Data shown:
'''
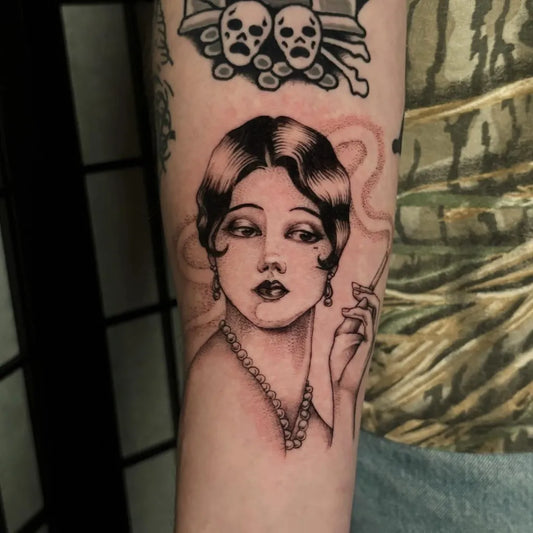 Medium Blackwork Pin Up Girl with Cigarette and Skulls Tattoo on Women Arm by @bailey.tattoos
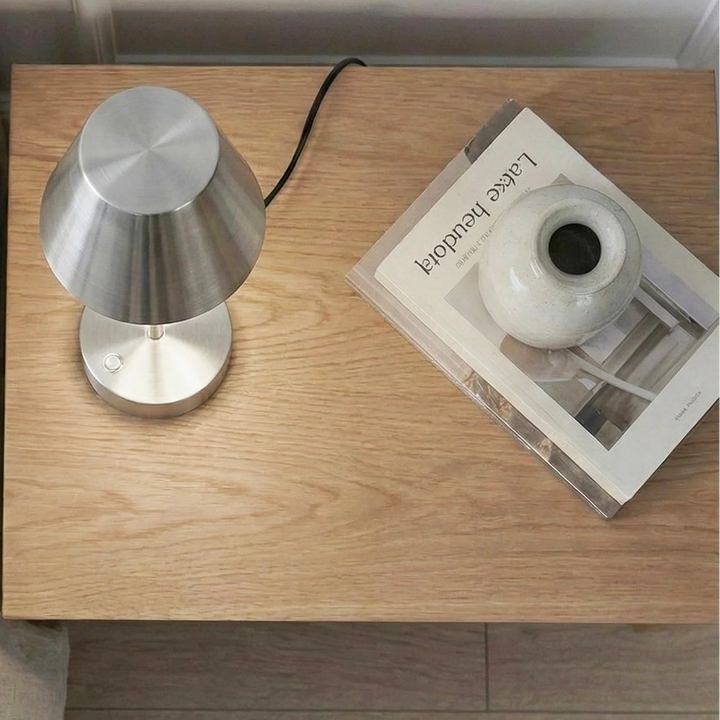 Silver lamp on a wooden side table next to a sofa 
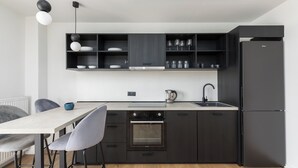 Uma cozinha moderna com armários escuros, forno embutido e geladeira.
'''
'''
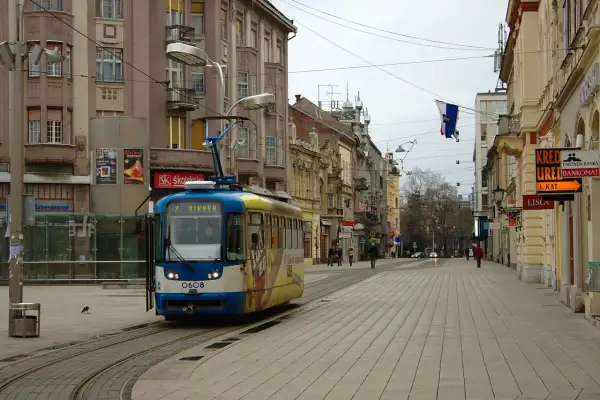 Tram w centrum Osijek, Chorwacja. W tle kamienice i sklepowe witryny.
'''
The task: Copy needed, without pictures: the lines of the listing above from the line containing "Silver lamp on" up to and including the line containing "Uma cozinha moderna", set down exactly.

Expected answer:
 Silver lamp on a wooden side table next to a sofa 
 Uma cozinha moderna com armários escuros, forno embutido e geladeira.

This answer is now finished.